3D imaging of point defects. (a–c) 3D atomic positions overlaid on the 3D reconstructed intensity illustrating anti-site point defects: a Pt atom occupying an Fe atom site (a), an Fe atom occupying a Pt atom site (b), a pair of nearest-neighbour Fe and Pt atoms are swapped (swap defect) (c). (d) 3D atomic structure of an ideal L12 FePt3 phase for reference.

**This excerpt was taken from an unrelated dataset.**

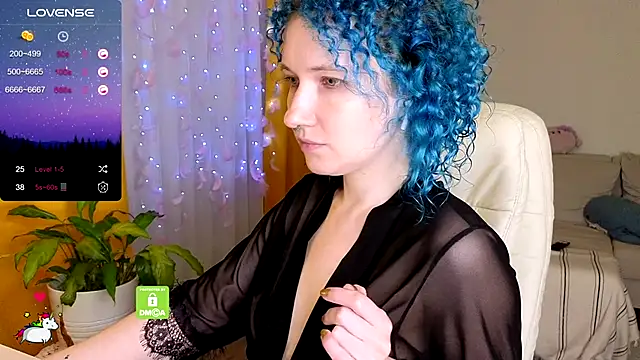 Snapshot of Kitty_Kisss chatting on September 2025 12:56:02 AM Kitty Kisss online show from September 2025 12:56:02 AM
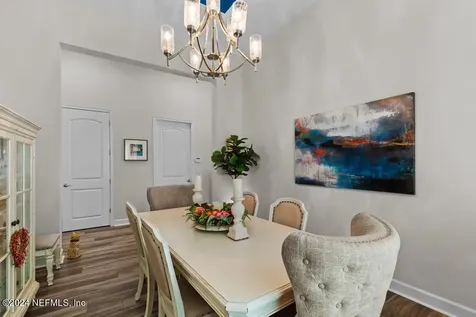 35148 Mimosa Parke Place Fernandina Beach FL 32034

Intermetallic compounds such as FePt with an ordered face-centred tetragonal (L10) phase are very promising candidates for next-generation magnetic data storage media and permanent magnet applications. As-synthesized, FePt thin films and nanoparticles have a chemically disordered face-centred cubic (fcc) structure (A1 phase). When annealed at high temperatures, they undergo a transition from an A1 phase to an L10 phase or to a chemically ordered fcc (L12) phase, depending on the chemical composition. Owing to the chemical ordering and strong spin–orbit coupling, L10 FePt exhibits extremely large magnetocrystalline anisotropy energy (MAE). However, despite extensive studies of this material system, a fundamental understanding of 3D chemical order/disorder, crystal defects and the resulting magnetic properties at the individual atomic level remains elusive.


To tackle this challenging problem, we have recently determined the 3D coordinates of 6,569 iron and 16,627 platinum atoms in an FePt nanoparticle to correlate 3D atomic arrangements and chemical order/disorder with material properties at the single-atom level. We identified rich structural variety and chemical order/disorder, including 3D atomic composition, grain boundaries, anti-phase boundaries, anti-site point defects and swap defects. We showed, for the first time, that experimentally measured 3D atomic coordinates and chemical species with 22 pm precision can be used as direct input for quantum mechanics calculations of material properties such as atomic spin and orbital magnetic moments and local magnetocrystalline anisotropy (1). We believe that this work will not only revolutionize 3D atomic structure characterization in the physical sciences, but also transform our understanding of material properties and functionality at the individual atomic level (2).

Local MAEs determined by using measured atomic coordinates as direct input to DFT. (a) 3D iso-surface rendering of the local MAE (top) and L10 order parameter differences (bottom). (b) Local MAE distribution at an L10 and L12 grain boundary, interpolated from the sliding local volume calculations and overlaid with measured atomic positions.

Selected Publications

1. Y. Yang, C.-C. Chen, M. C. Scott, C. Ophus, R. Xu, A. Pryor Jr, L. Wu, F. Sun, W. Theis, J. Zhou, M. Eisenbach, P. R. C. Kent, R. F. Sabirianov, H. Zeng, P. Ercius and J. Miao, "Deciphering chemical order/disorder and material properties at the single-atom level", Nature 542, 75-79 (2017).

2. J. Miao, P. Ercius and S. J. L. Billinge, "Atomic electron tomography: 3D structures without crystals", Science 353, aaf2157 (2016).